The parties separated in February 1992 when Mr. Curtis moved into a trailer on a lot that the parties owned in Cheatham County. Mr. Curtis filed for divorce in August 1993, and Ms. Curtis responded with a counterclaim for divorce. In August 1994, the trial court directed Mr. Curtis to pay Ms. Curtis $1,700 per month in pendente lite support and to be responsible for the mortgage payments on the homeplace where Ms. Curtis was still living and on another piece of rental property in East Nashville.

The trial court modified its pendente lite support order three months later to clarify the allocation of the responsibility for the parties’ major debts. The trial court specifically determined that Ms. Curtis should be responsible for paying the first mortgage on the homeplace and another note to a family acquaintance. The trial court also determined that Mr. Curtis’s monthly support obligation should be decreased to $1,176.68 per month in January 1995 when the note to the family acquaintance would be paid off.

The trial court heard the evidence on March 15, 1995. On April 19, 1995, the trial court entered a final decree dismissing Mr. Curtis’s divorce complaint and granting Ms. Curtis a divorce on the ground of inappropriate marital conduct. The trial court also directed Mr. Curtis to pay Ms. Curtis $1,176.64 per month in long term spousal support. The trial court also divided the marital property which consisted of the parties’ real estate holdings and Mr. Curtis’s business and directed Mr. Curtis to pay $7,945.00 to defray Ms. Curtis’s legal expenses.

II. THE DISMISSAL OF MR. CURTIS’S DIVORCE COMPLAINT

-3- The threshold issue for our consideration relates to the trial court’s dismissal of Mr. Curtis’s complaint for divorce at the close of his proof. Mr. Curtis asserts that he proved grounds for divorce because Ms. Curtis had “caused or contributed to a financial quagmire which permeated the parties’ marital relationship.” We have determined that the trial court correctly determined that Mr. Curtis’s proof did not substantiate his claim of inappropriate marital conduct.
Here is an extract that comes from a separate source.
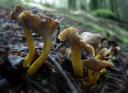 Chanterelle en tube - cantharellus taptoulaformis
Mr. Curtis initially sought a divorce because of irreconcilable differences under Tenn. Code Ann. § 36-4-101(11) (1996) or, in the alternative, because of inappropriate marital conduct under Tenn. Code Ann. § 36-4-102(a)(1) (1996). Ms. Curtis contested Mr. Curtis’s irreconcilable differences claim. After the parties were unable to agree on the division of their marital property1, the case went to trial on Mr. Curtis’s request for a divorce on the ground of inappropriate marital conduct and Ms. Curtis’s request either for a divorce from bed and board or a divorce on the ground of inappropriate marital conduct.

Mr. Curtis’s proof with regard to his grounds for divorce related solely to Ms. Curtis’s skills, or lack of skills, as a bookkeeper. He asserted that her inability to document and keep track of the withholding taxes for his employees precipitated serious problems with the Internal Revenue Service and that these problems eventually caused him to close his first two businesses. At the close of Mr. Curtis’s proof, the trial court granted Ms. Curtis’s motion for a “directed verdict” on the ground that he had failed to substantiate grounds for divorce.

We will treat Ms. Curtis’s motion as a motion for involuntary dismissal under Tenn. R. Civ. P. 41.02(2) since motions for a directed verdict have no place in nonjury trials. City of Columbia v. C.F.W. Constr. Co., 557 S.W.2d 734, 740 (Tenn. 1977). Unlike a motion for directed verdict, a Tenn. R. Civ. P. 41.02(2) motion requires the trial court simply to weigh and evaluate the plaintiff’s evidence in the same way it would review the evidence at the close of all the proof and to grant the motion if the plaintiff has failed to make out a prima facie case. Smith v. Inman Realty Co., 846 S.W.2d 819, 823-24 (Tenn. Ct. App. 1992). Our

1 The courts cannot grant a divorce based on irreconcilable differences if the grounds for divorce are contested or denied, Tenn. Code Ann.